By adopting a policy of strict scrutiny of condonation applications in individual dismissal cases I think that the Labour Court would give effect to the intention of the legislature to swiftly resolve individual dismissal disputes by means of a restricted procedure, and to the desirable goal of making a successful contender, after the lapse of six weeks, feel secure in his award.” (Emphasis added.)
[6] This dictum, which has been followed by the LAC in other judgments, was explained as follows by Sutherland AJ (as he then was) in Lentsane & others v Human Sciences Research Council (2002) 23 ILJ 1433 (LC):
“In that decision Conradie JA pointed out that the principles of condonation should be much stricter than those which were applied ‘in normal circumstances'. This remark I understand to be an endeavour to distinguish the considerations pertinent to challenging an award granted by a commissioner of the CCMA, in relation to other litigious issues, such as for example an application for condonation of the late referral of a statement of case or of defence.

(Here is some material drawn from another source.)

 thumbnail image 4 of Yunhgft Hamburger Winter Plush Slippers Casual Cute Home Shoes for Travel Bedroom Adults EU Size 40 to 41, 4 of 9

The policy reasons for that distinction are clear. Once a party has an award in his or her favour, the failure to respond within the six-week period to challenge that award gives rise to considerations which are absent at the outset of litigation, where the table is being set for debate.” (Emphasis added.)’
[22] For completeness sake, I have considered the prospects of success. Mr Malungane’s defence is fraught with farrago of facts and coincidences. The R2500.00 that was allegedly received by Mr Malungane from Mr Mahlakoana was once more refunded via his wife. Mr Malungane could not explain why he exchanged telephone numbers with the Mahlakoana’s and what was the reason for the telephone calls exchange. As correctly held by the arbitrator, the evidence of Mr and Mrs Mahlakoana was coherent and logical and substantiated. Whilst on the other hand, Mr Malungane’s evidence constitutes a bear denial of the series of events that directly implicated him.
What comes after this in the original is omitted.